The second day was spent mounting the TV and tracking cameras on Lorraine’s office wall, with help from friendly staff (thanks Tim!), and then aligning the tracking cameras and internally calibrating the system. The last part of that was calibration of the Vrui-side of the system using a Leica TCR407 power Total Station, with help from Lorraine’s grad student Carlye. When I thought I was done for the day was when the real trouble started, from unexpected problems calculating the calibration equations to random X server lock-ups and crashes caused by the Nvidia graphics driver. Fortunately I found the problem with the former, and a work-around for the latter.
The calibration issues were caused by the TV’s stupid default setting where incoming native 1920×1080 HDMI images are zoomed and then resampled to the 1920×1080 display engine. Who ever thought this was a good idea? Anyway, the result was that we measured the zoomed 2D test pattern, but because 3D mode doesn’t zoom, we got a screen size mismatch.

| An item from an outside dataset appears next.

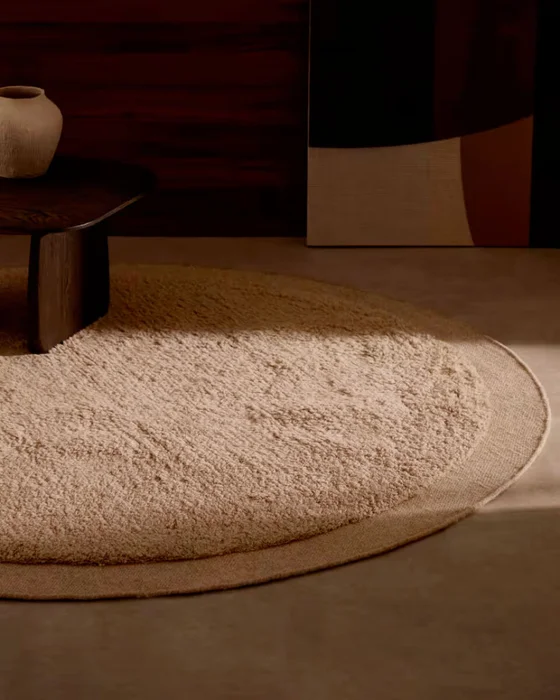 Alfombra redonda Marely - de lana blanco Ø 200 cm en Blanco - Alfombras, Uruguay | Kavehome, vista 2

So we had to re-do the screen part of the calibration on the third day; fortunately, I hadn’t moved or taken down the Total Station yet, so we didn’t have to re-do the other two parts. The rest of the third day was spent cleaning up by moving the computers to their temporary “final” position (see Figure 3), sorting out several odds and ends, installing support scripts and launcher icons, and, most importantly, training the new users (Lorraine and Carlye, see Figure 4).
Figure 3: Picture of the 3D system’s temporary “final” installation with dangling cables and the main and tracking computers jammed into a corner, using an old chair to hold the keyboard, mouse, and monitor. This will be cleaned up in the coming days after a trip to the furniture store to get a proper computer desk.
Figure 4: Lorraine (standing) and Carlye (wearing the tracked 3D glasses and holding the Wiimote input device) playing with the Nanotech Construction Kit during initial user training.
In the final analysis, it took three full days (8:15am-10:15pm, 7:30am – 2:00am, 9:15am – 5:00pm) to build, install, and calibrate the system entirely from scratch and give the users enough initial training to get them going, without any site preparation except having the components already on site. There are a few outstanding issues, such as the Wiimote requiring to push the reset button instead of 1+2 to connect, but those can be solved remotely in the future.
It turned out as a very good system, with OK stereo quality, ample screen space, very good tracking volume and excellent tracking calibration (not more than 1mm discrepancy between tracking marker and virtual indicator over the entire space). The TrackingTools software has improved a lot since the early versions I use in my own system; after moving away from Euler angles to represent orientations it no longer suffers from gimbal lock, and performance and accuracy have increased overall. The software is a lot more automated as well, requiring literally zero interaction after double-clicking the icon to get up and running.